What you need to do: Restate exactly the lines of the entries below, beginning with the first and ending with the line that holds "Indian business man". Pictures are not copied.

Dataset entries:
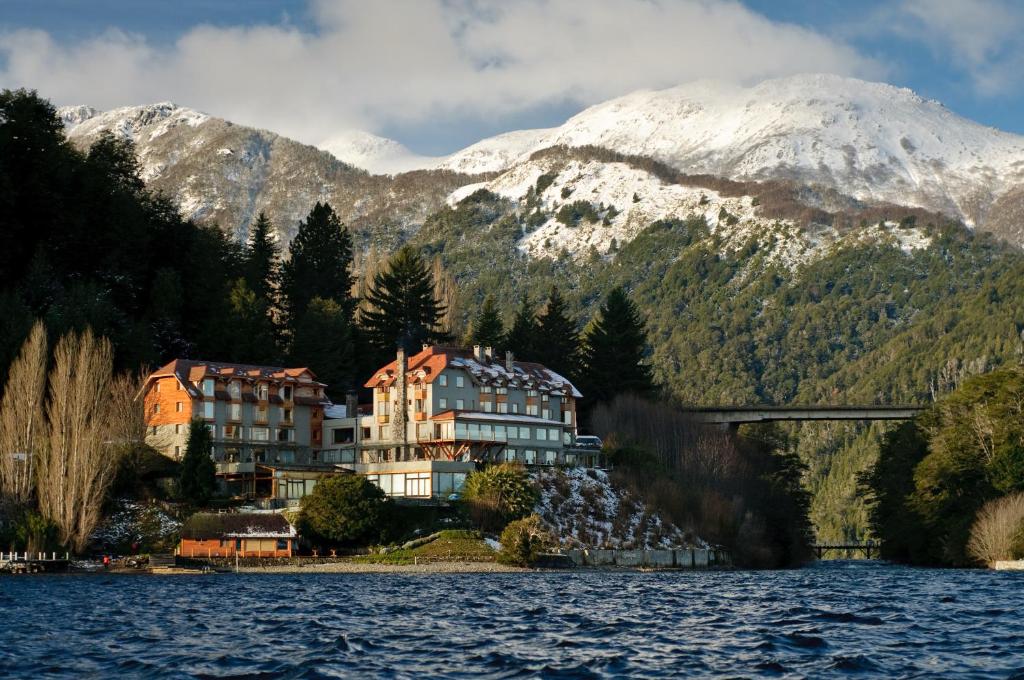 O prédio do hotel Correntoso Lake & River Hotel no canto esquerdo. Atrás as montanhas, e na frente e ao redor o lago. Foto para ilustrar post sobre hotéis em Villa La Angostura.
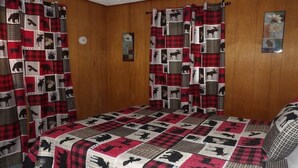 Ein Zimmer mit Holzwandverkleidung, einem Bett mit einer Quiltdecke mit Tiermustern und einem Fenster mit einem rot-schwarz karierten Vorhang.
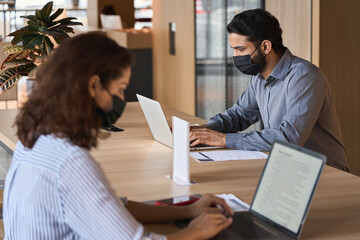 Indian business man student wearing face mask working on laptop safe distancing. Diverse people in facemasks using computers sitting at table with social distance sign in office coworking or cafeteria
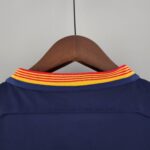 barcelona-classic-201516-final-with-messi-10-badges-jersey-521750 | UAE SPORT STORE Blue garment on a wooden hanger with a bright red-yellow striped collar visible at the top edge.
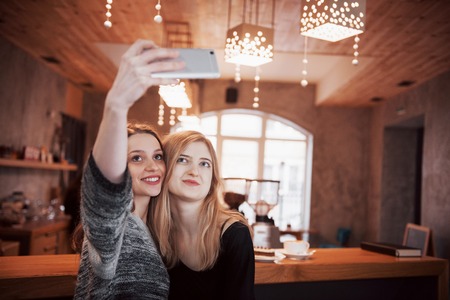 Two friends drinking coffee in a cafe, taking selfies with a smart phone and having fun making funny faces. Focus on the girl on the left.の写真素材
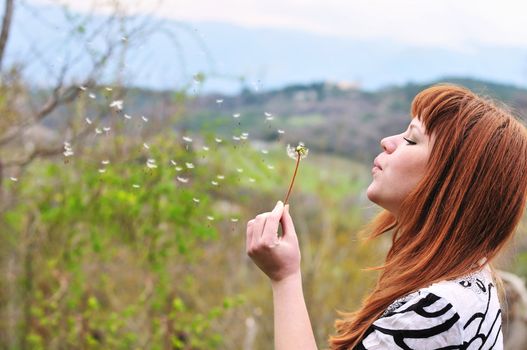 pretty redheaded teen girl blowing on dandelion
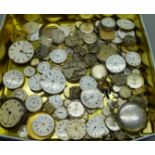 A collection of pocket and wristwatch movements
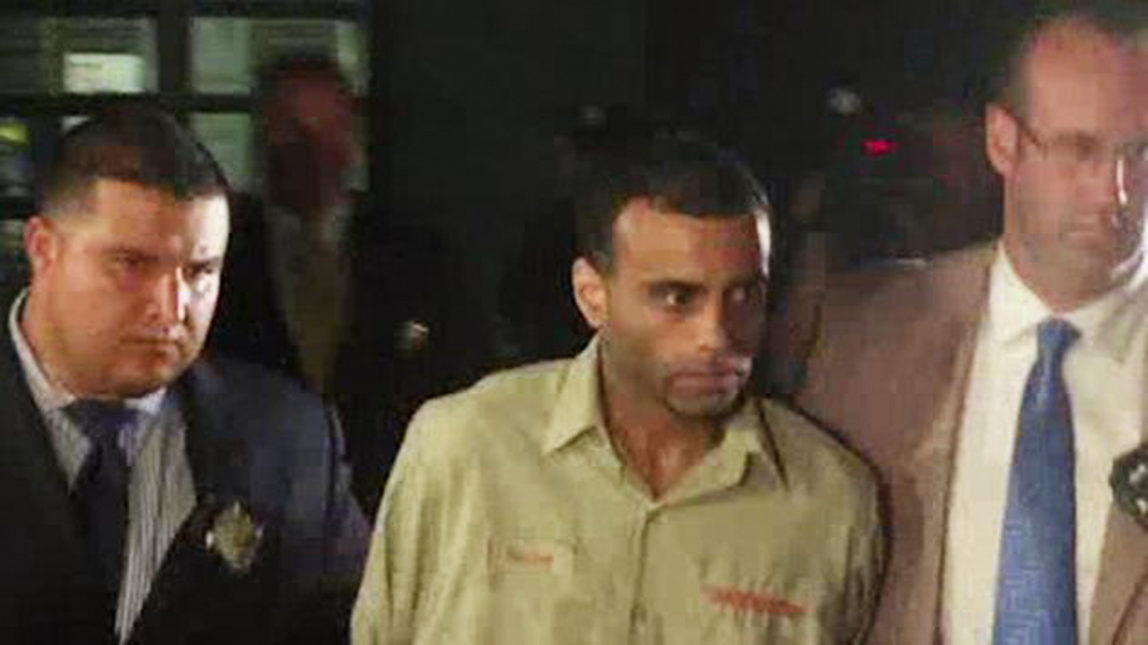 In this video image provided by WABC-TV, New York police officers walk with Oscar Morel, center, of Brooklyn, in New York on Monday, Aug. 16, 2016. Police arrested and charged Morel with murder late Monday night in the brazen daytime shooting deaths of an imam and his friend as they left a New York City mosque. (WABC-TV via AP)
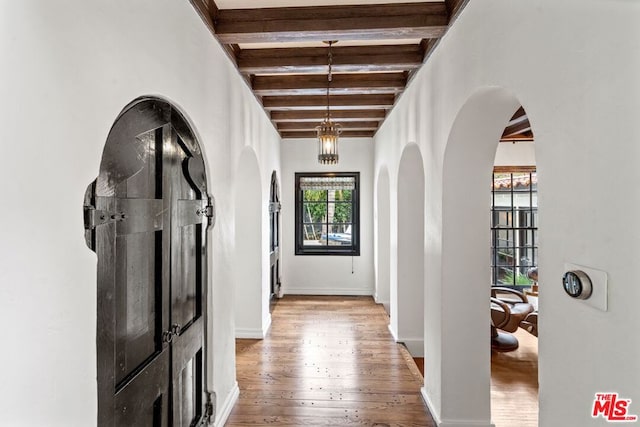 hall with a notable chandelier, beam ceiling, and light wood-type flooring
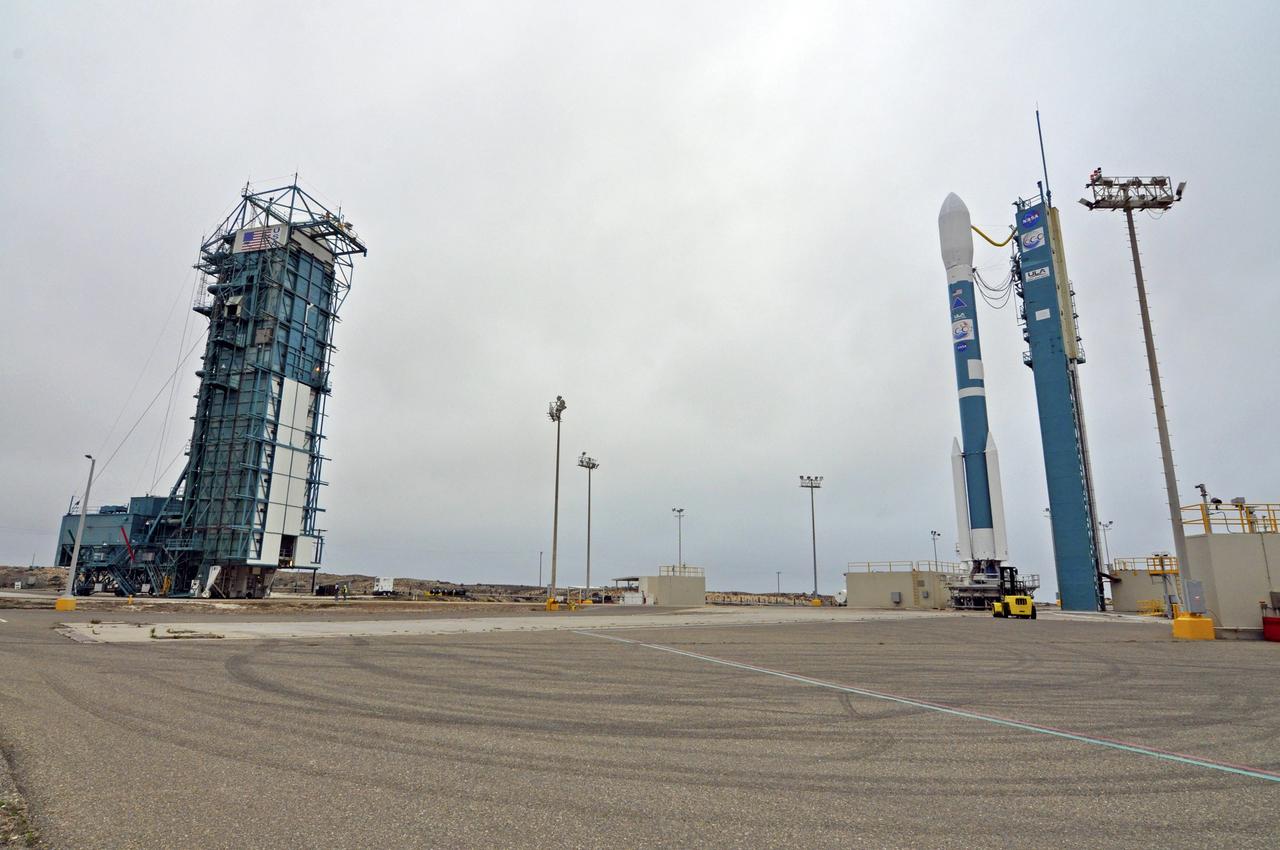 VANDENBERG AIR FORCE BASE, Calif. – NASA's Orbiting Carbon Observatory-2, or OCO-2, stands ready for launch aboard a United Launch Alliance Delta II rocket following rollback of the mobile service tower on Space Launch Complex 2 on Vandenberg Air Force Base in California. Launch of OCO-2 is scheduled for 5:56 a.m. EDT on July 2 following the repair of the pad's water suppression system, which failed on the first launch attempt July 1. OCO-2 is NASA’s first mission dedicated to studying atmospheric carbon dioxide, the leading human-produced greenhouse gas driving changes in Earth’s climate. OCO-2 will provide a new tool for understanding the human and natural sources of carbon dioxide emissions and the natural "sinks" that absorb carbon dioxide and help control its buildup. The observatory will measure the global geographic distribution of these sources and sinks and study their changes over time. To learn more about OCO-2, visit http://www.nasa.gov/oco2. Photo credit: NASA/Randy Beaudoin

Answer area:
 O prédio do hotel Correntoso Lake & River Hotel no canto esquerdo. Atrás as montanhas, e na frente e ao redor o lago. Foto para ilustrar post sobre hotéis em Villa La Angostura.
 Ein Zimmer mit Holzwandverkleidung, einem Bett mit einer Quiltdecke mit Tiermustern und einem Fenster mit einem rot-schwarz karierten Vorhang.
 Indian business man student wearing face mask working on laptop safe distancing. Diverse people in facemasks using computers sitting at table with social distance sign in office coworking or cafeteria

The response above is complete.